## DATASET CONTENT

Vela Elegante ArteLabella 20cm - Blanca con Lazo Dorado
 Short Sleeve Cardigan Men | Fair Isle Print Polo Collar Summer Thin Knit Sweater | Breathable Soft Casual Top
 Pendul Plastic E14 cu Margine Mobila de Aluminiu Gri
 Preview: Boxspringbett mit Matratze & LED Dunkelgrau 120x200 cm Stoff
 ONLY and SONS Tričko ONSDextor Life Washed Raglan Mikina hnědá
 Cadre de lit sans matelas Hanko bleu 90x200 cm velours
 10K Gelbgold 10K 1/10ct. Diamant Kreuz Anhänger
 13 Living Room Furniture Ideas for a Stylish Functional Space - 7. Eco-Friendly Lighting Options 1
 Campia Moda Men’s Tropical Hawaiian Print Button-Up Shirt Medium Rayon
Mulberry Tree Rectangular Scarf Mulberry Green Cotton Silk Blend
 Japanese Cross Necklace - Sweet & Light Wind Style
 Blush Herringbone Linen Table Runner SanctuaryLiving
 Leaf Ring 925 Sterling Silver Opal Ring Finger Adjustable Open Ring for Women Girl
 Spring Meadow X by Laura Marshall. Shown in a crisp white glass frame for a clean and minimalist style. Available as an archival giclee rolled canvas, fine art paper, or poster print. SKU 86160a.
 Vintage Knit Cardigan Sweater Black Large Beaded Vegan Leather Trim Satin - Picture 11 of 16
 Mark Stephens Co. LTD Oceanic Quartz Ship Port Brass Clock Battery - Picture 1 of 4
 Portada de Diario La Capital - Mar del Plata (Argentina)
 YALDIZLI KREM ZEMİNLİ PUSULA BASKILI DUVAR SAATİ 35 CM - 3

## EXERCISE REQUIREMENTS
Print the lines from the one containing "Mulberry Tree Rectangular" through the end of the material, word for word, and nothing else.

## REPLY TO THE TASK
Mulberry Tree Rectangular Scarf Mulberry Green Cotton Silk Blend
 Japanese Cross Necklace - Sweet & Light Wind Style
 Blush Herringbone Linen Table Runner SanctuaryLiving
 Leaf Ring 925 Sterling Silver Opal Ring Finger Adjustable Open Ring for Women Girl
 Spring Meadow X by Laura Marshall. Shown in a crisp white glass frame for a clean and minimalist style. Available as an archival giclee rolled canvas, fine art paper, or poster print. SKU 86160a.
 Vintage Knit Cardigan Sweater Black Large Beaded Vegan Leather Trim Satin - Picture 11 of 16
 Mark Stephens Co. LTD Oceanic Quartz Ship Port Brass Clock Battery - Picture 1 of 4
 Portada de Diario La Capital - Mar del Plata (Argentina)
 YALDIZLI KREM ZEMİNLİ PUSULA BASKILI DUVAR SAATİ 35 CM - 3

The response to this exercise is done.